Neste intervalo contemplativo, sob o domínio da emoção romântica, estampo alguns caros poemas, lidos e relidos no tempo que me coube: O INFINITO, do italiano Leopardi e TRISTEZA, do francês Musset. Os seus tradutores são, respectivamente, Vinicius de Moraes e Guilherme de Almeida. No final, introduzo uma nota sobre o genial poeta romeno Eminesco, acompanhada de uma de suas poesias, um soneto traduzido por Nelson Vainer. Vejamos, então:
GIACOMO LEOPARDI (1798-1837)
O INFINITO
Sempre cara me foi esta colina
Erma, e esta sebe, que de tanta parte
Do último horizonte o olhar exclui.
Mas sentado a mirar, intermináveis
Espaços além dela, e sobre-humanos
Silêncios, e uma calma profundíssima
Eu crio em pensamentos, onde por pouco
Não treme o coração. E como o vento
Ouço fremir entre essas folhas, eu
O infinito silêncio àquela voz
Vou comparando; e vem-me a eternidade
E as mortas estações, e esta, presente
E viva, e o seu ruído. Em meio a essa
Imensidão meu pensamento imerge
E é doce o naufragar-me nesse mar.
ALFRED DE MUSSET (1810-1857)
TRISTEZA Eu perdi minha vida, e o alento
E os amigos, e a intrepidez,
E até mesmo aquela altivez
Que me fez crer no meu talento.
Vi na Verdade, certa vez,
A amiga do meu pensamento;
Mas, ao senti-la, num momento
O seu encanto se desfez.
Entretanto, ela é eterna, e aqueles
Que a desprezaram – pobres deles! –
Ignoraram tudo talvez.
Por ela Deus se manifesta.
O único bem que ainda me resta
É ter chorado uma ou outra vez.
NOTA:
Dentre tais expoentes europeus – e outros de igual magnitude – uma estrela brilha na Romênia e seu brilho aquece o Ocidente, embora pouco notado entre nós: MIHAIL EMINESCO, aquele que disse o seu epitáfio nesses versos:
“Tenho ainda um desejo:
Na tarde silente
Me permitais morrer
Na beira do mar.”
Conheço-o graças à ANTOLOGIA DA POESIA ROMENA, traduzida e organizada por Nelson Vainer, editada em 1966 (pela Editora Civilização Brasileira), e que tenho a subida honra de possuir desde então, como presente do hermano Hermano.

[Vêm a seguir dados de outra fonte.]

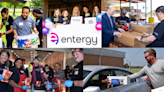 Giving Back Takes Us Forward: A Look at Entergy Mississippi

Dele faz rasgados elogios Giuseppe Ungaretti: “Raramente se encontra na literatura dos últimos dois séculos uma figura de escritor e poeta mais complexa e mais completa que a de Mihail Eminesco.” “(…) poeta de sentimento torturado e ardente até à conquista do mais alto esplendor, que faz dele um dos maiores poetas do seu tempo e de todos os tempos, através da humanidade, Eminesco permanece para sempre um dos mestres da palavra poética profundamente inspirado.”
Bernard Shaw, em carta dirigida à escritora Sylvia Pankhurst que, em 1930, publicara, em Londres – e pela primeira vez em inglês -, uma coletânea de poemas de Eminesco, situa o poeta entre os maiores poetas românticos do século XIX.
O meu amigo e poeta, o norte-rio-grandense Jarbas Martins, que acolhe e coleciona sonetos, certamente gostará deste, romântico. Não é a obra-prima de Eminesco, geralmente assim considerado o seu poema LÚCIFER (Estrela da Manhã), um longo de 46 quadras, ou seja, 184 versos. Mas o soneto escolhido é belo e traz, bem talhada, a medida do romantismo:
SONETO
Quando a própria voz dos pensamentos se cala,
e em mim ressoa um canto doce e piedoso
então, te invoco; ouvirás o meu apelo?
Das brumas frias em que nadas, irás libertar-te?
Irão iluminar a noite profunda
os teus olhos grandes, portadores de paz?
Ressurges da sombra dos tempos idos,
Para ver-te voltar – como em sonho, assim, viva!
Desces devagar… perto, mais perto,
aconchegas-te novamente sorrindo à minha face,
oh, teu amor com um suspiro mostra-o,
com tuas pestanas tocas as minhas pálpebras,
que eu sinta a vibração do teu abraço
perdida para sempre, eterna adorada.